The improvement in the global economy gathered speed in 2004, boosting investor confidence and resulting in an active six months for property transactions. By the second half of the year this economic growth had begun to filter through the occupier markets. Demand from tenants was on the increase and rental growth was evident in some core locations. This further strengthened the case for property investment and the second half of 2004 saw €57.9 billion transacted, a 27% increase on the first half of the year.

Despite the considerable reduction in new money flow intro German open-ended funds, the Germans remained the most active cross-border investor. There were also few surprises amongst the other most active nationalities, which included the Americans, Irish and Dutch. However, there was more cross-border activity from UK investors than in previous years, predominantly buying in France.

Analysis of the most popular destinations for investors also shows few surprises. The UK comprised half of the total amount transacted in 2004, a third of which took place in central London.

During the first half year the market was dominated by local investors, with cross-border acquisitions representing just 23% of the total. However, this was turned around in the second half of the year and cross-border investment totaled 31% for 2004 as a whole. This was down significantly on the 42% they accounted for in 2003, although in cash terms the €31.5 billion purchased by cross-border investors in 2004 was only slightly lower than the €34.6 billion in 2003.

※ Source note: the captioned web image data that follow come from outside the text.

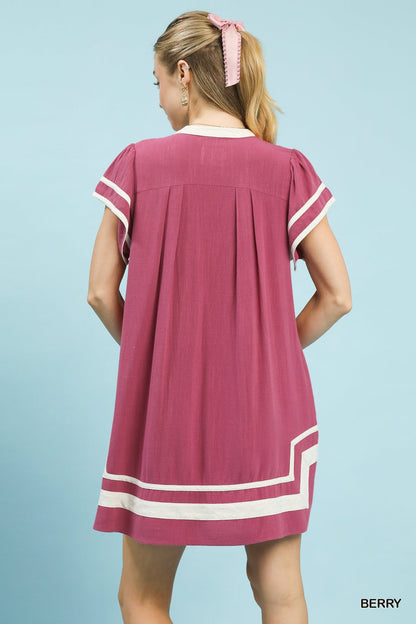 Umgee Linen Contrast Trim Short Sleeve Dress - Bitsy Gypsy Boutique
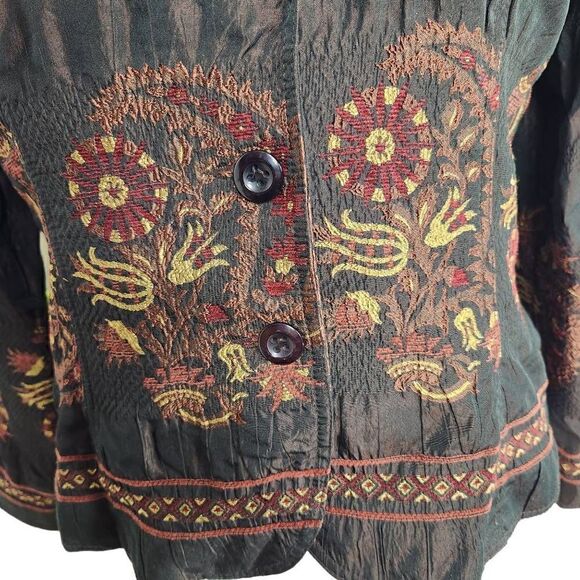 E.L.C.C. Embroidered Paisley Starburst button front blazer jacket brown bronze S - Picture 2 of 6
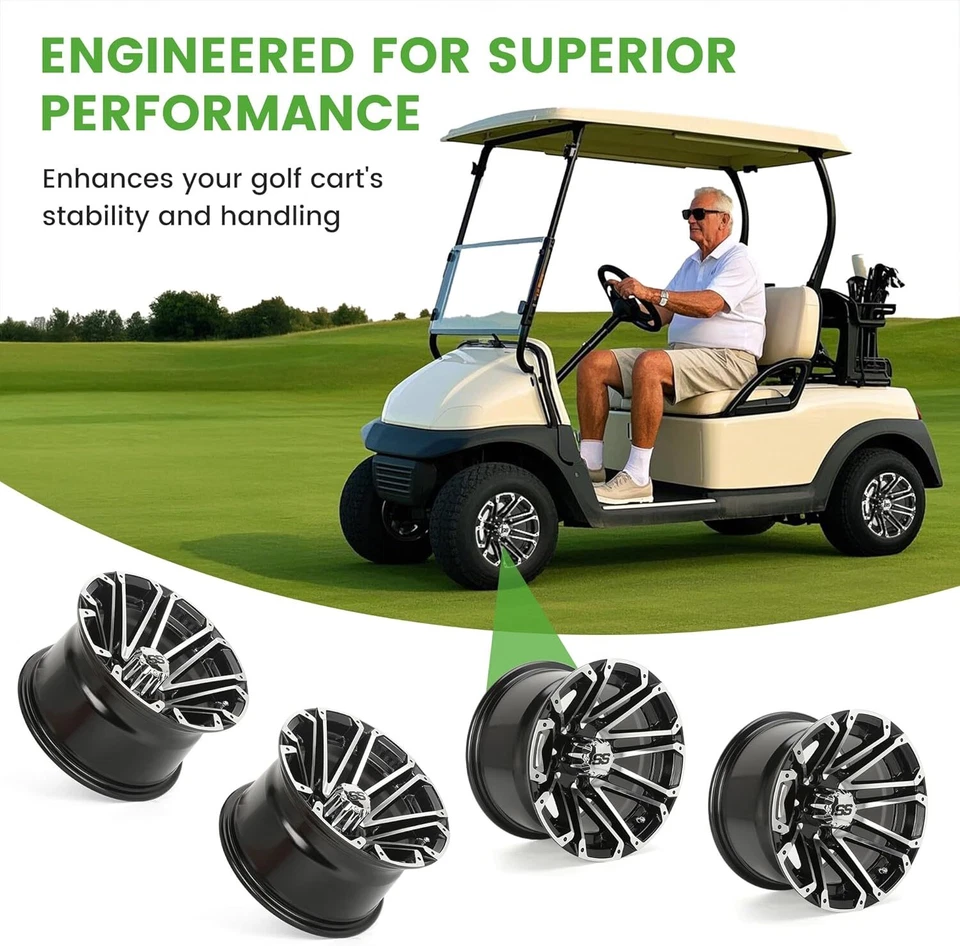 12 Inch Aluminum Golf Cart Wheel & SS Center Caps for Yamaha EZGO Club Car 12X7 - Image 4 of 4
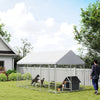 PawHut Outdoor Dog Kennel with Roof, Heavy Duty Galvanized Steel Dog Run Chain Link w/ Waterproof UV-Resistant Cover, Safety Lockable Latch System, 13.1' x 7.5' x 7.8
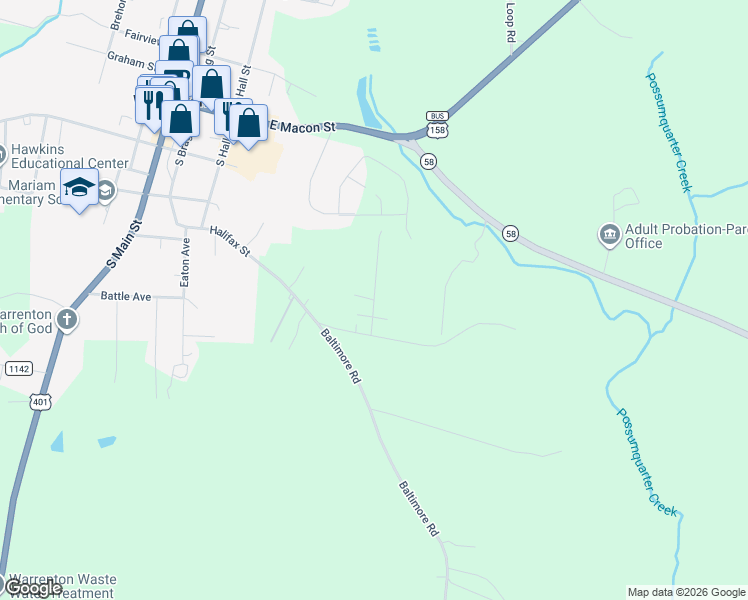 map of restaurants, bars, coffee shops, grocery stores, and more near 101 West Spring Valley Street in Warrenton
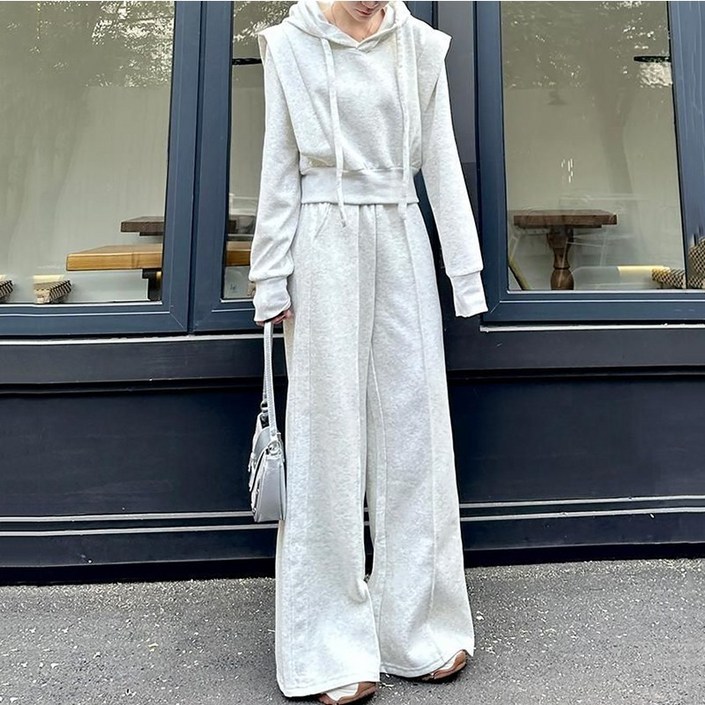 여성 투피스 세트 봄 가을 쇼트 후드 맨투맨 상의 루즈핏 캐주얼 바지 슬림소녀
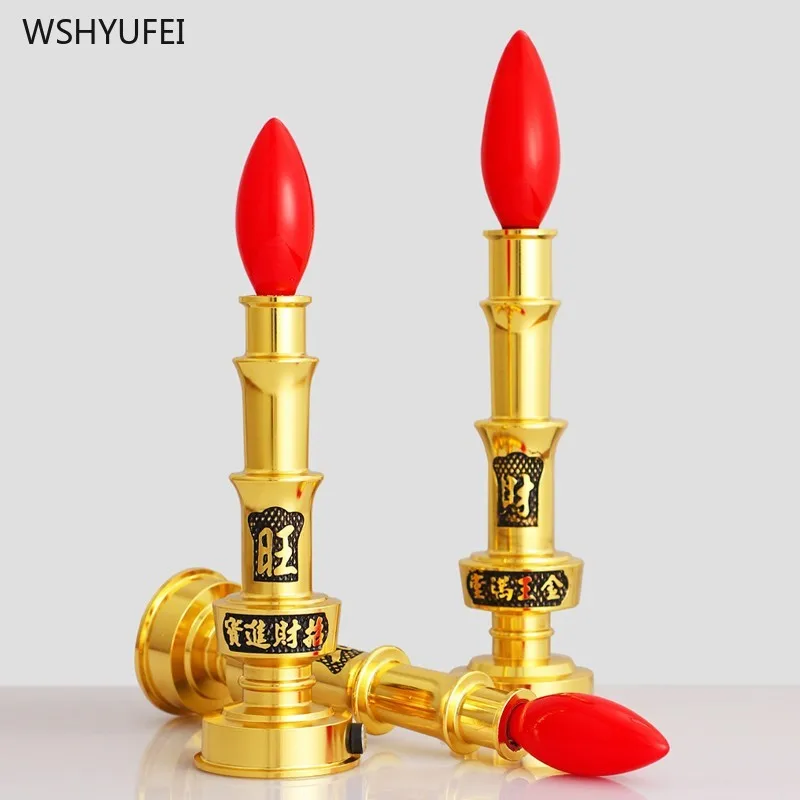 

2 Pcs Copper Alloy Candle Holder Buddhist Utensils Home Decoration Pray for Auspiciousness Ensuring Safety Simulated Candlestick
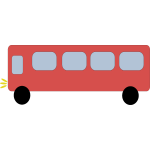 Simple red vector bus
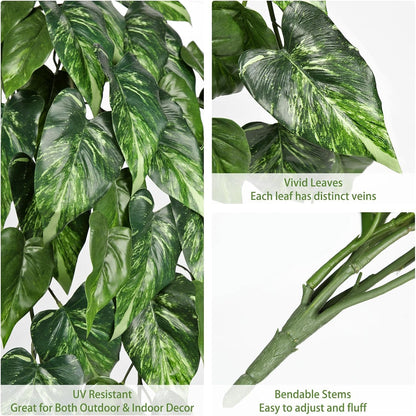 2 Packs UV Resistant Artificial Hanging Plants Outdoors & Indoors, 33" Large Fake Pothos Ivy Vines Plants Faux Hanging Greenery for Planter, Shelf, Window Box, Porch, Patio, Garden Decor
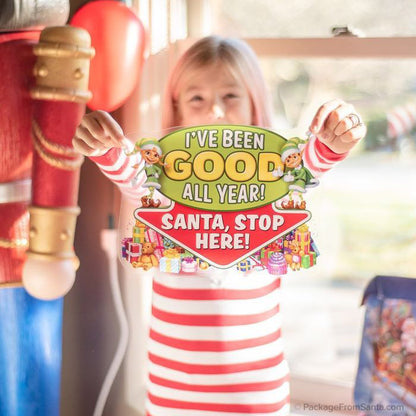"Santa! Stop Here!" Window Decal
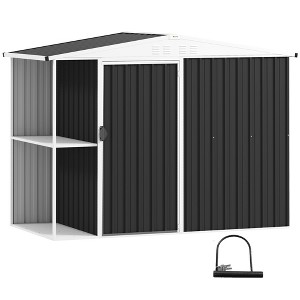 Outsunny 8 x 4ft Garden Storage Shed, Outdoor Metal Tool Shed with 2-Tier Storage Rack, Vents and Lockable Door for Backyard Patio Lawn, Dark Gray - 1 of 4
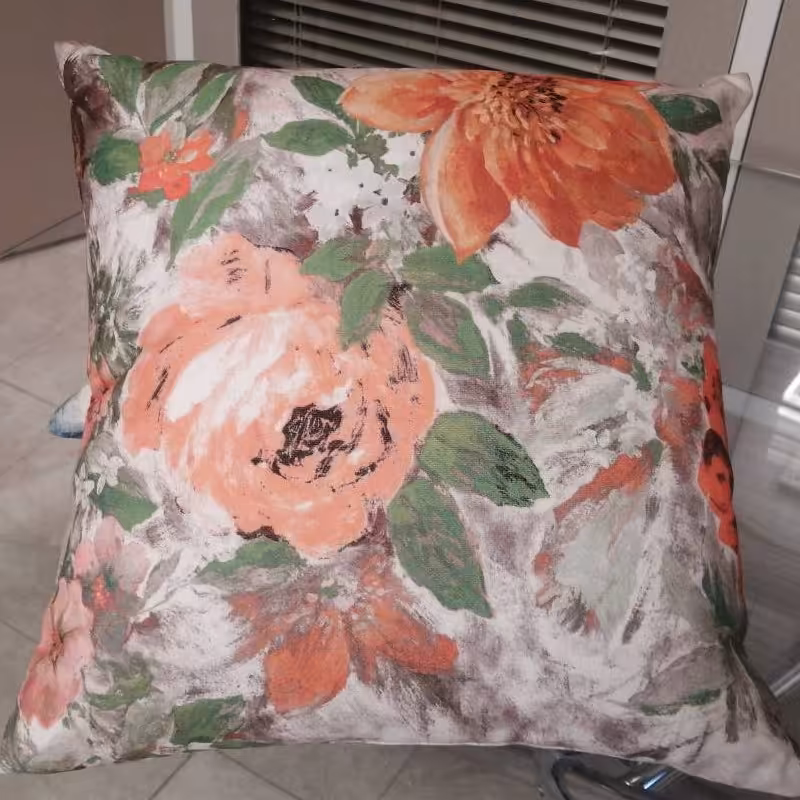 پارچه رویه کوسن 40 در 40 طرح گل دار رنگی (پس کرایه)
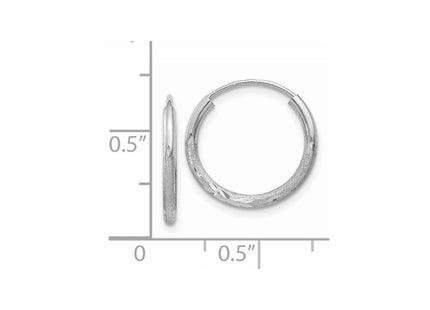 14k White Gold Diamond-cut Endless Hoop Earrings (Style XY1197)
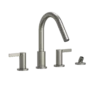 TOTO GF Two Lever Handle Deck-Mount Roman Tub Filler Trim with Handshower, Brushed Nickel, Brass, TBG11202UA#BN
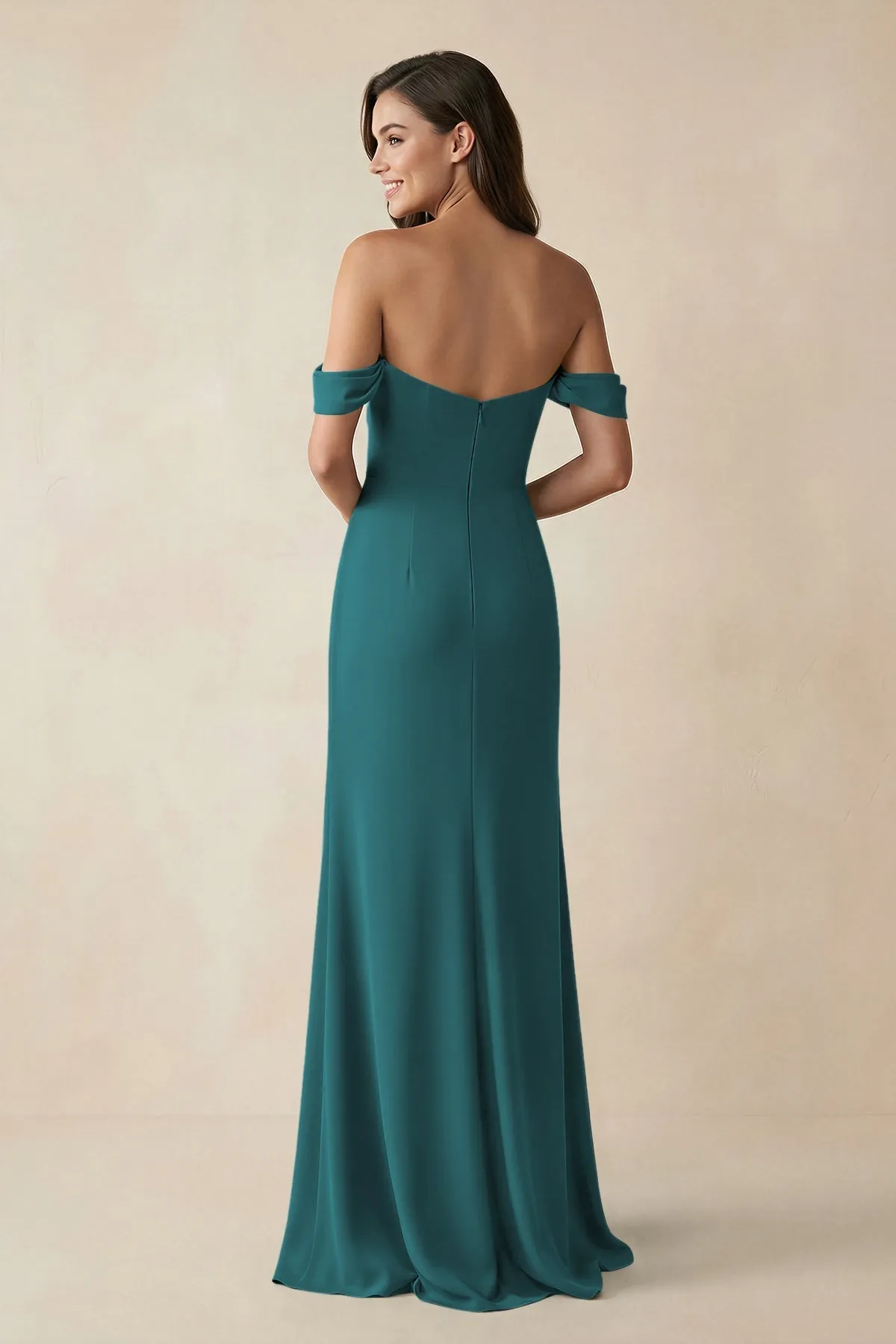 Off-the-Shoulder Sheath Bridesmaid Dress with Slit in Pine sold by KissProm product image thumbnail 2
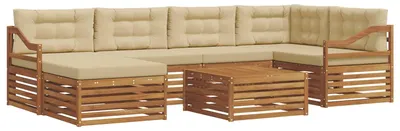 Produktbild von vidaXL Outdoor-Sofagarnitur mit Kissen 7 pcs Natur und Beige
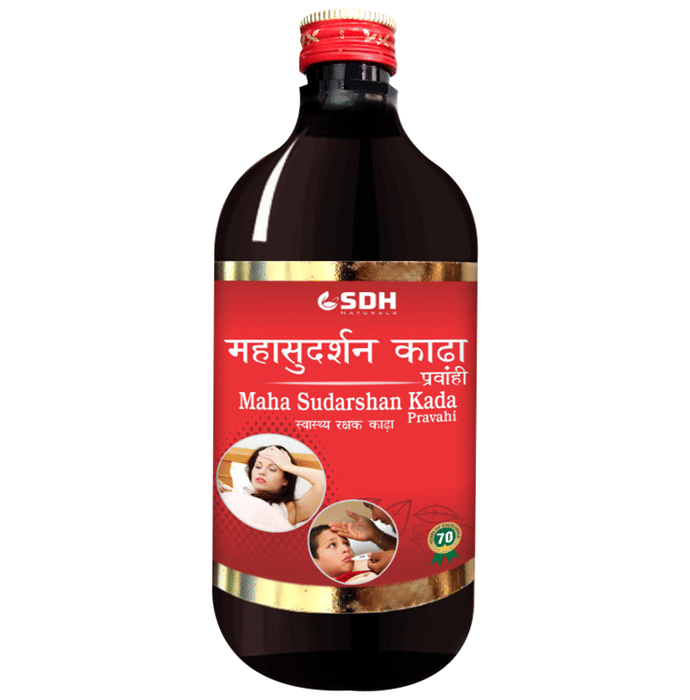 Bottle of SDH Naturals Maha Sudarshan Kada Pravahi Ayurvedic syrup, featuring traditional herbal ingredients in a clear glass bottle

It appears likely that 2005 will be another strong year for property investment across Europe. The cost of borrowing is very low, demand for investment property remains unprecedented and there are still more buyers than sellers. Strong competition for prime buildings is forcing investors to consider purchasing lower quality properties in secondary locations. Previously focussed on income return, an increasing number of investors are now interested in opportunities to add value.